The problem: Reproduce all of the entries below exactly, without images.
Top of Extracted material
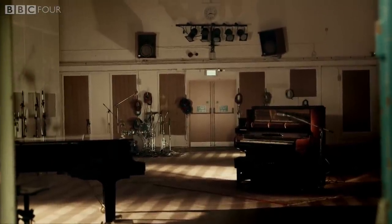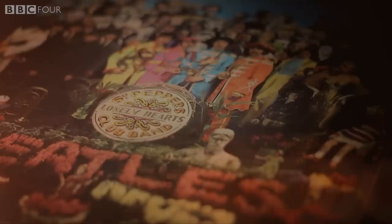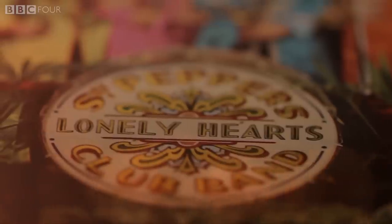In December 1966, Martin and the Beatles met at Abbey Road to begin working on Sgt. Pepper's Lonely Hearts Club Band, a record which would become celebrated as the first concept album.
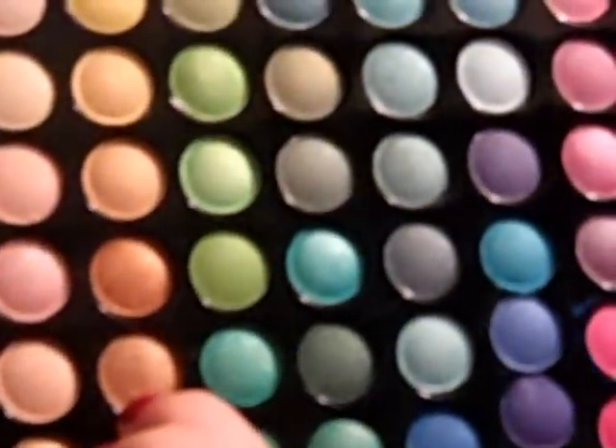I'm going to start with my E55 eye shading brush from Sigma and this gold color in the Ultra Shimmer Eyeshadow Palette from Coastal Scents, the 88 palette. I'm just going to pack that on the brush and push it all over the lid without going above the crease — going up to the crease, but not above it at all.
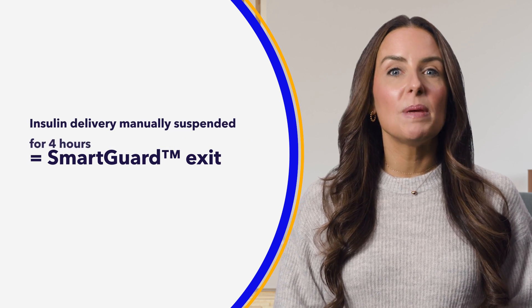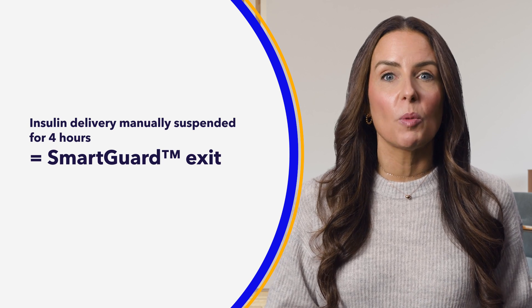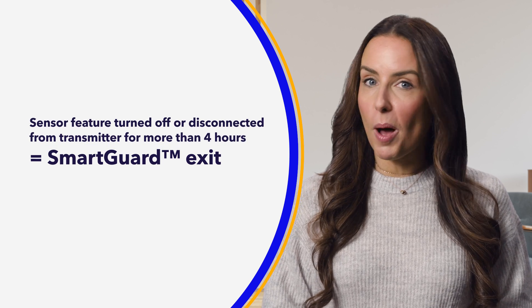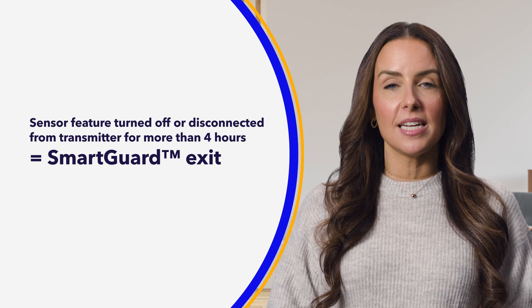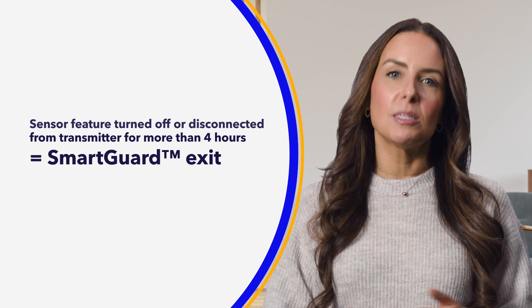Insulin delivery that's been manually suspended and not resumed for 4 hours will also lead to a SmartGuard feature exit. And lastly, if the sensor feature is turned off on your pump or the sensor has been disconnected from the transmitter for more than 4 hours, you will experience an exit.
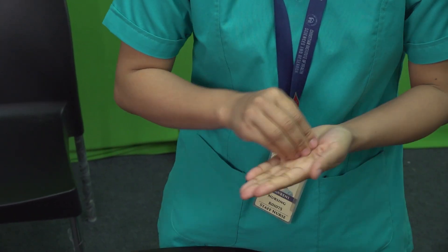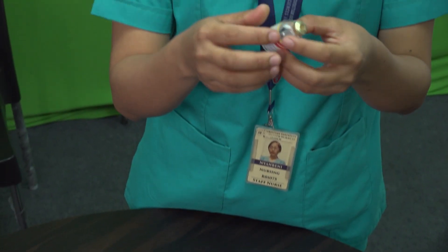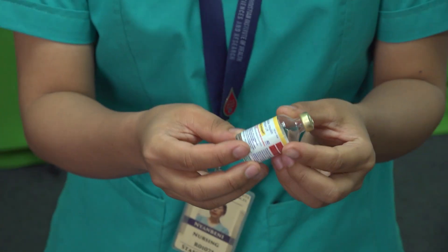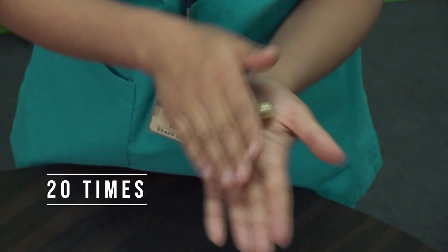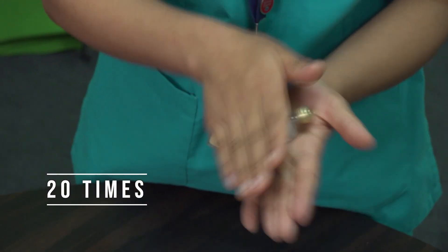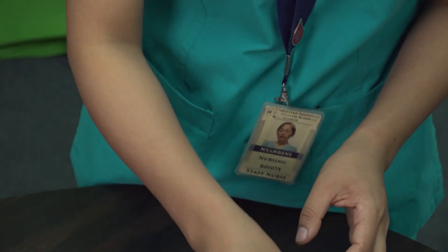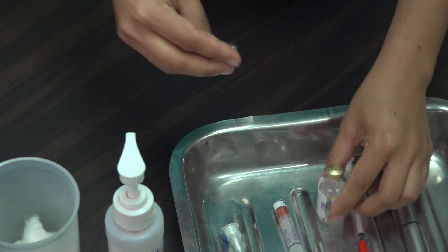Check the insulin vial for any signs of clumping, discoloration, or crystal formation — if present, do not use it. Gently roll the vial between your palms to mix the insulin evenly. Disinfect the top of the insulin vial using an alcohol wipe or cotton ball.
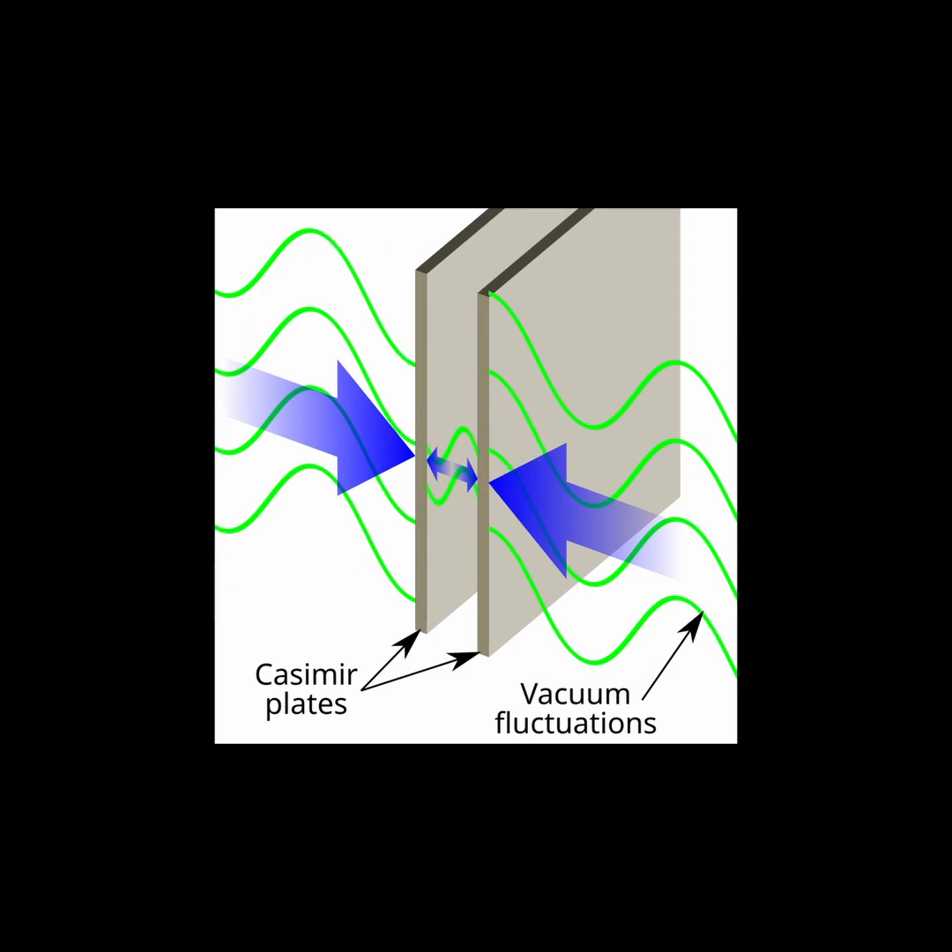There is essentially less pressure in between the plates. This produces an attractive force between the plates. Note that the force produced is very small, but the converging plates can in principle be used to produce useful work.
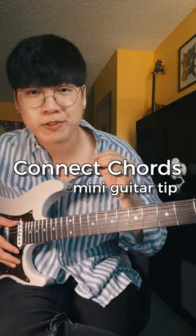Here's a simple way to practice how to connect chords. First, pick a key — C major. Now sing a short melody in that key. Now use that melody to connect some chords.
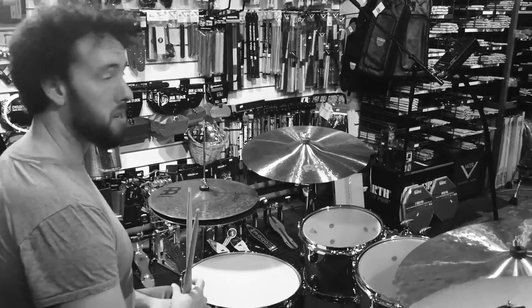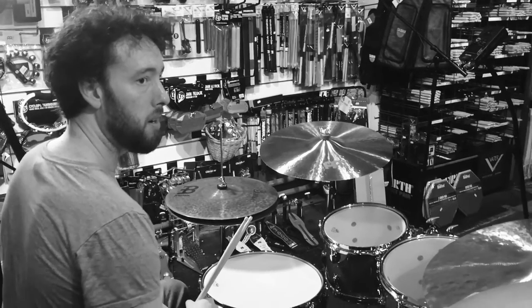I lost my powers. My hair's gone, I lost my powers. I don't know what I was going to do.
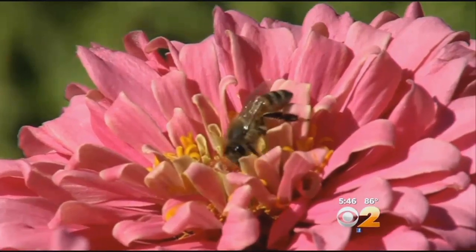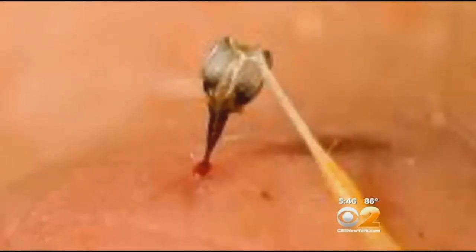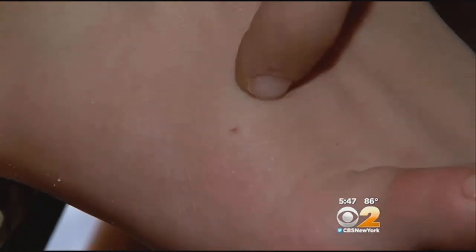Actually, all of those are good first aid for bee stings except for the kicking-in-the-face part. First, look for the stinger and try to get it out, but do it right — don't try to squeeze it because that'll actually squeeze more venom out. What you want to do is try to pull it out with a tweezer, or if you don't have one available, try to at least scratch it out with your nail.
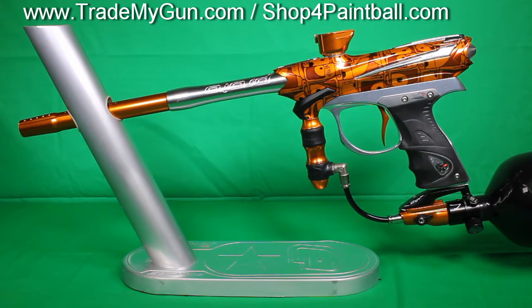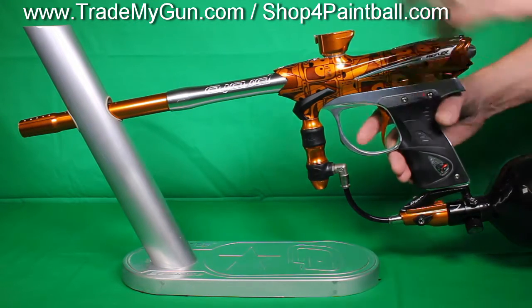So here today we've got a nice Proto Reflex. Proto is kind of the intro line made by Dye, so mid-level gun. If you can't get into a DM product or the M2 at the $1,000 and up level, this is a good way to go. Real clean marker.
Bottom of Extracted material
Written answer:
In December 1966, Martin and the Beatles met at Abbey Road to begin working on Sgt. Pepper's Lonely Hearts Club Band, a record which would become celebrated as the first concept album.
I'm going to start with my E55 eye shading brush from Sigma and this gold color in the Ultra Shimmer Eyeshadow Palette from Coastal Scents, the 88 palette. I'm just going to pack that on the brush and push it all over the lid without going above the crease — going up to the crease, but not above it at all.
Insulin delivery that's been manually suspended and not resumed for 4 hours will also lead to a SmartGuard feature exit. And lastly, if the sensor feature is turned off on your pump or the sensor has been disconnected from the transmitter for more than 4 hours, you will experience an exit.
Check the insulin vial for any signs of clumping, discoloration, or crystal formation — if present, do not use it. Gently roll the vial between your palms to mix the insulin evenly. Disinfect the top of the insulin vial using an alcohol wipe or cotton ball.
There is essentially less pressure in between the plates. This produces an attractive force between the plates. Note that the force produced is very small, but the converging plates can in principle be used to produce useful work.
Here's a simple way to practice how to connect chords. First, pick a key — C major. Now sing a short melody in that key. Now use that melody to connect some chords.
I lost my powers. My hair's gone, I lost my powers. I don't know what I was going to do.
Actually, all of those are good first aid for bee stings except for the kicking-in-the-face part. First, look for the stinger and try to get it out, but do it right — don't try to squeeze it because that'll actually squeeze more venom out. What you want to do is try to pull it out with a tweezer, or if you don't have one available, try to at least scratch it out with your nail.
So here today we've got a nice Proto Reflex. Proto is kind of the intro line made by Dye, so mid-level gun. If you can't get into a DM product or the M2 at the $1,000 and up level, this is a good way to go. Real clean marker.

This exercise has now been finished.